Cameron tried to counter Miliband's quote with one of his own, but by the end it transpired it was from Alan Milburn, basically a world away from the new Labour leader. He's not even an MP anymore. It contrasted poorly with Miliband's quote, which had the benefit of actually once being delivered by Cameron's mouth. The Tory leader tried to salvage the situation with a nice little line, insisting that "all the Labour politicians who won elections have been thrown out the window". It provoked genuine laughs, but it contrasted badly with the fact that he had suddenly become the underdog. When you're losing, as all England football fans know, it's best to praise your victor. No-one wants to get spanked by a weakling.

Miliband's final flourish made much political colour out of the frantic behind-the-scenes panic at the Tory party conference once the child benefit cut was announced and normally friendly papers revealed their fangs. "I bet the PM wishes the BBC blackout [of party conference] had gone ahead it was such a shambles." Even Cameron laughed.
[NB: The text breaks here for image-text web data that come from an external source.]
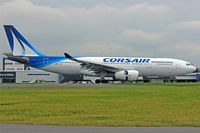 F-HCAT @ EGFF - A330-243, Paris Orly based, call sign Corsair 20, previously F_WWKB, landing on runway 12, out of Paris Orly. - by Derek Flewin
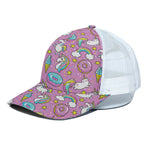 Pink Girly Unicorn Donut Pattern Print White Mesh Trucker Cap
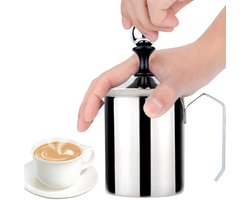 Melkopschuimer - Handpomp opschuimer - Koffie maken - Milieuvriendelijk en zuinig - 500 ml - Zilverkleurig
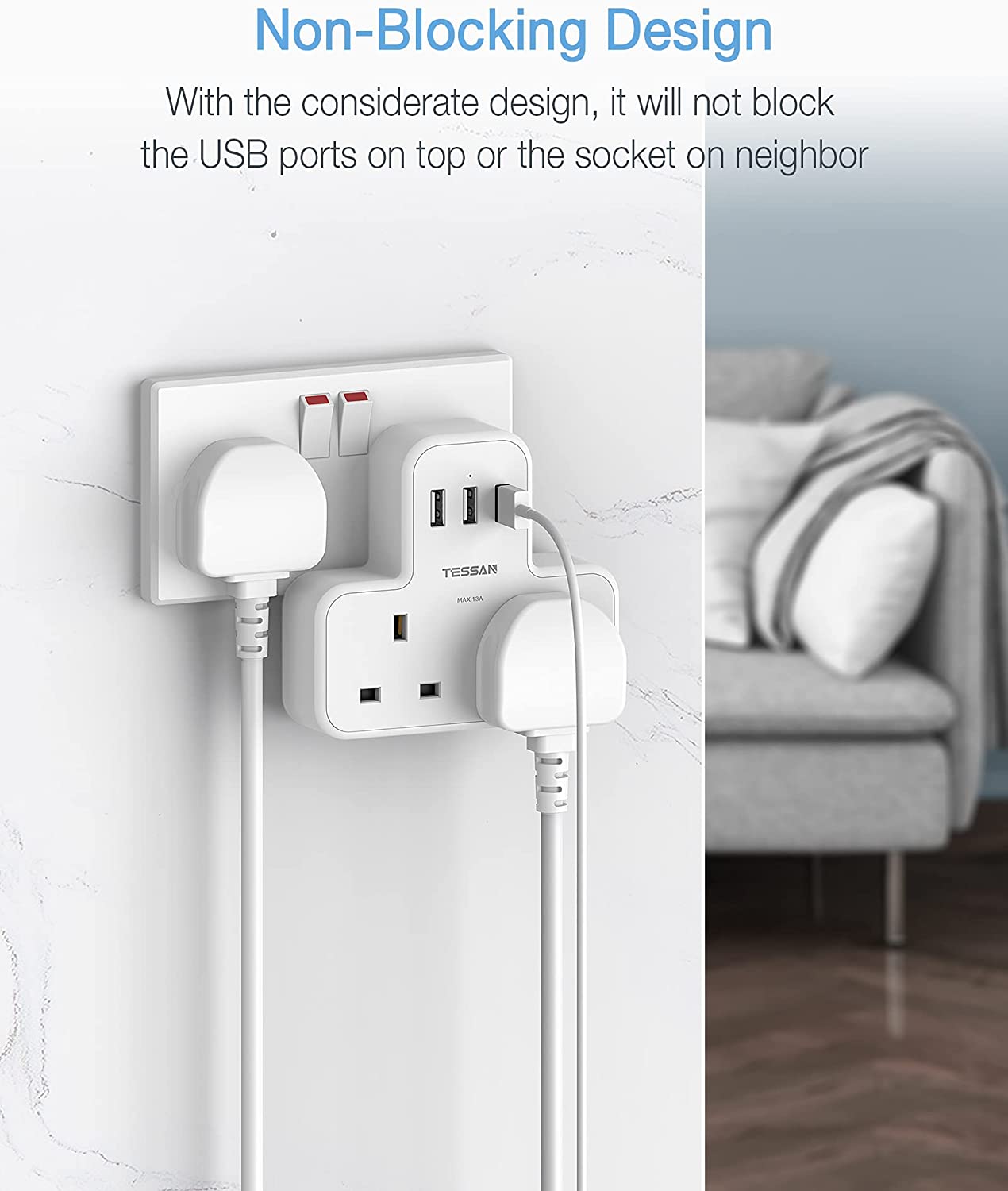 Multi Plug Extension 2 Way Plug Adapter 3 USB ports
The PM's counter, a laboured joke on Ed not being "red, he's Brown", was funny enough. Certainly funny enough for a normal PMQs. But this wasn't a normal PMQs. Miliband had arrived with a new, unpredictable tactic. His opening performance was devastatingly effective, combining savage political attacks with a moderate, non-party political style. Cameron will have to retreat to devise a new strategy in the face of this.

It was the best day Labour's had for some time, but the party should contain its glee. There are many, many more Wednesdays afternoons to come. Cameron is adept at this sort of thing. He'll try to neutralise Miliband's weirdly effective manner. He'll have to become more detailed in his statistical knowledge and frankly, he'll probably start preparing better. But fundamentally, there's nothing here Cameron can't learn to beat.

He can reassure himself with one thing. There was one quick glimpse of weakness in Miliband's bravado. When he finally came to discuss the single parent figures he had attacked Cameron for not responding to, he suddenly stumbled and began with the word "by my reckoning."

This was the central thrust of his attack. He should have had independent figures to hand and he should have been able to quote from them confidently. That stumble could mean nothing, it could have just preceded a poor choice of phrase. But it hinted at weakness.

We'll find out about that later. For now, the central message the government took from today's performance was that it was unwise to underestimate Ed Miliband. Whatever else he is, he isn't a walkover.